1The easel (esl) module implements a small set of functionality shared
2by all the modules: notably, the error-handling system.
3
4\section{Error handling conventions}
5
6Easel might be used in applications ranging from small command line
7utilities to complex graphical user interfaces and parallel
8systems. Simple and complex applications have different needs for how
9errors should be handled by a library.
10
11In a simple application, we don't want to write a lot of code to
12checking return codes for unexpected problems. We would prefer to have
13Easel crash out with an appropriate message to \ccode{stderr} -- after
14all, that's all a simple application would do anyway.
15
16On the other hand, there are certain problems that even the simplest
17command-line applications should handle gracefully. Errors involving
18user input (including typos in command line arguments, bad file
19formats, nonexistent files, or bad file permissions) are ``normal''
20and should be expected. Users will do anything.
21
22In a complex application, we may want to guarantee that execution
23never terminates within a library routine. In this case, library
24functions always need to return control to the application, even in
25the most unexpected circumstances, so the application can fail
26gracefully. A failure in an Easel routine should not suddenly crash a
27whole graphical user environment, for example. Additionally, because a
28complex application may not even be associated with a terminal, a
29library cannot count on printing error messages directly to
30\ccode{stderr}.
31
32These considerations motivate Easel's error handling conventions.
33Most Easel procedures return an integer status code. An \ccode{eslOK}
34code indicates that the procedure succeeded. A nonzero code indicates
35an error. Easel distinguishes two kinds of errors:
36
37\begin{itemize}
38\item \textbf{Failures} include normal ``errors'' (like a read failing
39  when the end of a file is reached), and errors that are the user's
40  fault, such as bad input (which are also normal, because users will
41  do anything.) We say that failures are \textbf{returned} by Easel
42  functions.

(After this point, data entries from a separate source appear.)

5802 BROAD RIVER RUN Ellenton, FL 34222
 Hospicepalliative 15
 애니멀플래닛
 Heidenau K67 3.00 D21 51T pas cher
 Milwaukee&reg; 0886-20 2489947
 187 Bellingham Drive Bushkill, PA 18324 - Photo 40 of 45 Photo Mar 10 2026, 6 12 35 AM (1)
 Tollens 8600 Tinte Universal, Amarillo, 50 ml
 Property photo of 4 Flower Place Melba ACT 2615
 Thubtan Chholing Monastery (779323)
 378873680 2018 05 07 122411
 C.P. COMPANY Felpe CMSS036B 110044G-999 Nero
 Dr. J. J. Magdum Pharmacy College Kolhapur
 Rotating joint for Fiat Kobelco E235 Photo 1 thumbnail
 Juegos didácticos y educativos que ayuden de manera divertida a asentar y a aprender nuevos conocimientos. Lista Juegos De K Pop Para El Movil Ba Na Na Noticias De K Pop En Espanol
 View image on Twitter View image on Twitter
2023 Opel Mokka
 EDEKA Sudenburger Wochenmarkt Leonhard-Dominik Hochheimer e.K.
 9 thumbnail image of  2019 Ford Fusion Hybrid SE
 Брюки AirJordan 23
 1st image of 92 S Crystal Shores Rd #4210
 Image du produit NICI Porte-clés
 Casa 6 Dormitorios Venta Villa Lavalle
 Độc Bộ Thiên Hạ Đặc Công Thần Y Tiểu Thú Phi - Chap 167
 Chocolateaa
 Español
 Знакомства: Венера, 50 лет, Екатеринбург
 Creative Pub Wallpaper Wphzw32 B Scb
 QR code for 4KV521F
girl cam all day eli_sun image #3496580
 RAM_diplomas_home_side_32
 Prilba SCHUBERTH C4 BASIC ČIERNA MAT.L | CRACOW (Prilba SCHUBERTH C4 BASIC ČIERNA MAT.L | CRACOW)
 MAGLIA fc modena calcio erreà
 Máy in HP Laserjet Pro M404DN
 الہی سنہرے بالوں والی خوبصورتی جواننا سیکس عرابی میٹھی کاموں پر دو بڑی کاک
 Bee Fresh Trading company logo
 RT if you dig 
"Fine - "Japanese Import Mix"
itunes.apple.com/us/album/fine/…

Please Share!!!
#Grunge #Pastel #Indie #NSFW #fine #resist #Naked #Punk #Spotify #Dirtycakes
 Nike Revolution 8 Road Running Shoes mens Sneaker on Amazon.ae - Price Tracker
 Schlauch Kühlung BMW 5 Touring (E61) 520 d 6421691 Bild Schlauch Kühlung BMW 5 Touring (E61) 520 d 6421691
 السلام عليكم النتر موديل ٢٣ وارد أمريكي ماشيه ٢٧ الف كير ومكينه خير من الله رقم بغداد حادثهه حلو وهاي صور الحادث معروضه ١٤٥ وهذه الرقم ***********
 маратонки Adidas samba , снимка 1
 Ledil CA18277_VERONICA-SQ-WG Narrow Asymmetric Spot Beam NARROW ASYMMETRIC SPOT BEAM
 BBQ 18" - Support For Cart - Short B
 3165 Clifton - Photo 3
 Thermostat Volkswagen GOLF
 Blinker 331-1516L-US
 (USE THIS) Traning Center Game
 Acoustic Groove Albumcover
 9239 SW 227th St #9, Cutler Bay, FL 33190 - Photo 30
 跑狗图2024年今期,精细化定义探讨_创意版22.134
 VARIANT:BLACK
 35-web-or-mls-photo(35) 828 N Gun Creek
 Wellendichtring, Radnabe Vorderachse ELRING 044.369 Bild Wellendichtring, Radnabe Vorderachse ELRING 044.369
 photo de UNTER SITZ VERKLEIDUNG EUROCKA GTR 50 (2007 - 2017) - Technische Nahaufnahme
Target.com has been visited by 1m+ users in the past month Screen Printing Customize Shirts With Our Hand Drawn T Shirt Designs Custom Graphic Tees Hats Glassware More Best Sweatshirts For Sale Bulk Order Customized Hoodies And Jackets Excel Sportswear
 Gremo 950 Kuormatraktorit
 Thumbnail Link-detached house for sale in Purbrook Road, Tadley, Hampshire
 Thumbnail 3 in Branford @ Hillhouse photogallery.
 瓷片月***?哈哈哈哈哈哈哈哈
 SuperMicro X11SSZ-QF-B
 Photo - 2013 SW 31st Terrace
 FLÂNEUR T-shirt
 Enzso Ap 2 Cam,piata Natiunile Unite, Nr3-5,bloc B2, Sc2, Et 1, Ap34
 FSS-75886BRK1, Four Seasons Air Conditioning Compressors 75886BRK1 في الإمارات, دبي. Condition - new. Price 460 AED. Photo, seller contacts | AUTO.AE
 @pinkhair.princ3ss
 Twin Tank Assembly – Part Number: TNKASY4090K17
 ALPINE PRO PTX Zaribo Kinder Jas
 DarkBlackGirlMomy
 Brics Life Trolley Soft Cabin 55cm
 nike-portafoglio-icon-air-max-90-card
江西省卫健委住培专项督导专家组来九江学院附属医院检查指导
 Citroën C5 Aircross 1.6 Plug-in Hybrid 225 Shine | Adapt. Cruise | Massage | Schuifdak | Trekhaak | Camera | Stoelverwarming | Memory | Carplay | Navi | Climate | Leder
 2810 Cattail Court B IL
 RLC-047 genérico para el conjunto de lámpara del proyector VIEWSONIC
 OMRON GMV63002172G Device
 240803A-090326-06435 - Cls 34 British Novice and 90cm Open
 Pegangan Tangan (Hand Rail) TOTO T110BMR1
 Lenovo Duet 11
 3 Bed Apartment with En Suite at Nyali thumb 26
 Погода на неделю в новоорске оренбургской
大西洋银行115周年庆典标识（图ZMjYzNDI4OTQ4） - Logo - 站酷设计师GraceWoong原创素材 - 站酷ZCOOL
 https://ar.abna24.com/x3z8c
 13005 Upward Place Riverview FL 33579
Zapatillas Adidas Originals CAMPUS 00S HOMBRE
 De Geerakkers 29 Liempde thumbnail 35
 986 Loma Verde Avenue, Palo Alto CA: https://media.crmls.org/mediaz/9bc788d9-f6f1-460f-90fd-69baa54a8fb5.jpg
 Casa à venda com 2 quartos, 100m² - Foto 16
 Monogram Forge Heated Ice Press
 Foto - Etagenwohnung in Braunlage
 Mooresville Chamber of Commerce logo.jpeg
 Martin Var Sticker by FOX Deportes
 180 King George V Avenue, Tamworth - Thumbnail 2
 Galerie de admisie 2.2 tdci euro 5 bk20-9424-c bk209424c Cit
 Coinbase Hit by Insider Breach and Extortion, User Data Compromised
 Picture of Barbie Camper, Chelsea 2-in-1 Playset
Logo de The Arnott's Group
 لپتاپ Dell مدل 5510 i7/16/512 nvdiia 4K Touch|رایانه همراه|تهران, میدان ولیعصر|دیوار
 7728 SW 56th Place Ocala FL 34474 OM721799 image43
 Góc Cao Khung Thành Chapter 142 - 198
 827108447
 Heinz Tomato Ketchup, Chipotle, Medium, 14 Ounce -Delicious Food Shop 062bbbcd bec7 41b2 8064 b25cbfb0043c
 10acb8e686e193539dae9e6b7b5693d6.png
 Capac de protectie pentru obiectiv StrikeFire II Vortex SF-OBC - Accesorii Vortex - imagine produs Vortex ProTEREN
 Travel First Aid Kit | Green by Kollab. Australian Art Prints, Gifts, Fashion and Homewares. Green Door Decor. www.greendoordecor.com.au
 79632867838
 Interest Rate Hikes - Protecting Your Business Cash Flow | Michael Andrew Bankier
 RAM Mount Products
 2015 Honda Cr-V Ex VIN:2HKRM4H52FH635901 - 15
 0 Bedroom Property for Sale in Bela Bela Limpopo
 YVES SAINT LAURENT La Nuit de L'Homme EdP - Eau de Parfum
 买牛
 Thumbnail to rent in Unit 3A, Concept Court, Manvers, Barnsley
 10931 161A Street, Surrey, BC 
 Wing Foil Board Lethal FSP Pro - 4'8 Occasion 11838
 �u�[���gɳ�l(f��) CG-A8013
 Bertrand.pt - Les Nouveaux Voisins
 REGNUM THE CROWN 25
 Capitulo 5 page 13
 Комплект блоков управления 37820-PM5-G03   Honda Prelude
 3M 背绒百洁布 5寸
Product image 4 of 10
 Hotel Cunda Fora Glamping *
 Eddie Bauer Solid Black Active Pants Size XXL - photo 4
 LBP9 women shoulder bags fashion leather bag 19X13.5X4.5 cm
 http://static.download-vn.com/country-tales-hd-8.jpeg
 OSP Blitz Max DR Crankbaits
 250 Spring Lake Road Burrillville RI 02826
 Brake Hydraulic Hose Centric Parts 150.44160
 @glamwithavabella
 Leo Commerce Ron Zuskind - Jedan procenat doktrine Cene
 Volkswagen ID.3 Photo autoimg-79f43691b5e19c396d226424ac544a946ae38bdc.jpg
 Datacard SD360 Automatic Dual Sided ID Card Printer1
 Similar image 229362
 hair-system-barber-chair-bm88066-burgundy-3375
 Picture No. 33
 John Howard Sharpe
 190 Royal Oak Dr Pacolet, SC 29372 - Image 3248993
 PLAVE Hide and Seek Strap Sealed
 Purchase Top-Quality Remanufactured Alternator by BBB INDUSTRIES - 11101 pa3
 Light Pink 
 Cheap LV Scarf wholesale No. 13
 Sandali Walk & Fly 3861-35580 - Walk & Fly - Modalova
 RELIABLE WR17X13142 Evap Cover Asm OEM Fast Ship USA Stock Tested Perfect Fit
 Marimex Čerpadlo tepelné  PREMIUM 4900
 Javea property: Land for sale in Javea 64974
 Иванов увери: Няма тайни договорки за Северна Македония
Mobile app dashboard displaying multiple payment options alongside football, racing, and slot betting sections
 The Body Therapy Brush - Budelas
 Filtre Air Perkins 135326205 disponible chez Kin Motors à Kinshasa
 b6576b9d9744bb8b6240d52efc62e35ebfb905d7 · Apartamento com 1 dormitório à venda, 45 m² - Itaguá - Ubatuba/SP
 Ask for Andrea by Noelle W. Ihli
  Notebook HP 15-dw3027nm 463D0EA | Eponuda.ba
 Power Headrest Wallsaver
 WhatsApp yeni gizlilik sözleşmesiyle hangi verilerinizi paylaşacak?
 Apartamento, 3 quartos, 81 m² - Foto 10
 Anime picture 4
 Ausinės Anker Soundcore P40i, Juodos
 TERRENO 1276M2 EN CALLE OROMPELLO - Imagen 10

All applications should check the return status of any
43  Easel function that might return a failure code. Relatively few
44  Easel functions can return failure codes. The ones that do are
45  generally functions having to do with reading user input.
46
47\item \textbf{Exceptions} are errors that are the fault of Easel (bugs
48in my code) or your application (bugs in your code) or the system
49(resource allocation failures). We say that exceptions are
50\textbf{thrown} by Easel functions. By default, exceptions result in
51immediate termination of your program. Optionally, you may provide
52your own exception handler, in which case Easel functions may return
53nonzero exception codes (in addition to any nonzero failure codes).
54\end{itemize}
55
56The documentation for each Easel function lists what failure codes it
57may return, as well as what exception codes it may throw (if a
58nonfatal exception handler has been registered), in addition to the
59\ccode{eslOK} normal status code. The list of possible status codes is
60shown in Table~\ref{tbl:statuscodes}. There is no intrinsic
61distinction between failure codes and exception codes. Codes that
62indicate failures in one function may indicate exceptions in another
63function.
64
65\begin{table}
66\begin{center}
67\input{cexcerpts/statuscodes}
68\end{center}
69\caption{List of all status codes that might be returned by Easel functions.}
70\label{tbl:statuscodes}
71\end{table}
72
73Not all Easel functions return status codes. \ccode{*\_Create()}
74functions that allocate and create new objects usually follow a
75convention of returning a valid pointer on success, and \ccode{NULL}
76on failure; these are functions that only fail by memory allocation
77failure. Destructor functions (\ccode{*\_Destroy()}) always return
78\ccode{void}, and must have no points of failure of their own, because
79destructors can be called when we're already handling an
80exception. Functions with names containing \ccode{Is}, such as
81\ccode{esl\_abc\_XIsValid()}, are tests that return \ccode{TRUE} or
82\ccode{FALSE}. Finally, there are some ``true'' functions that simply
83return an answer, rather than a status code; these must be functions
84that have no points of failure.
85
86\subsection{Failure messages}
87
88When failures occur, often the failure status code is sufficient for
89your application to know what went wrong. For instance, \ccode{eslEOF}
90means end-of-file, so your application might report \ccode{"premature
91end of file"} if it receives such a status code unexpectedly. But for
92failures involving a file format syntax problem (for instance) a terse
93\ccode{eslESYNTAX} return code is not as useful as knowing
94\ccode{"Parse failed at line 42 of file foo.data, where I expected to
95see an integer, but I saw nothing"}. When your application might want
96more information to format an informative failure message for the
97user, the Easel API provides (somewhere) a message buffer called
98\ccode{errbuf[]}.
99
100In many cases, file parsers in Easel are encapsulated in objects. In
101these cases, the object itself allocates an \ccode{errbuf[]} message
102string. (For instance, see the \eslmod{sqio} module and its
103\ccode{ESL\_SQFILE} object for sequence file parsing.)  In a few
104cases, the \ccode{errbuf[]} is part of the procedure's call API, and
105space is provided by the caller. In such cases, the caller either
106passes \ccode{NULL} (no failure message is requested) or a pointer to
107allocated space for at least \ccode{eslERRBUFSIZE} chars. (For
108instance, see the \eslmod{tree} module and the
109\ccode{esl\_tree\_ReadNewick()} parser.)
110
111Easel uses \ccode{sprintf()} to format the messages in
112\ccode{errbuf[]}'s. Each individual call guarantees that the size of
113its message cannot overflow \ccode{eslERRBUFSIZE} chars, so none of
114these \ccode{sprintf()} calls represent possible security
115vulnerabilities (buffer overrun attacks).
116
117
118\subsection{Exception handling}
119
120Easel's default exception handler prints a message to \ccode{stderr}
121and aborts execution of your program, as in:
122
123\begin{cchunk}
124   Easel exception: Memory allocation failed.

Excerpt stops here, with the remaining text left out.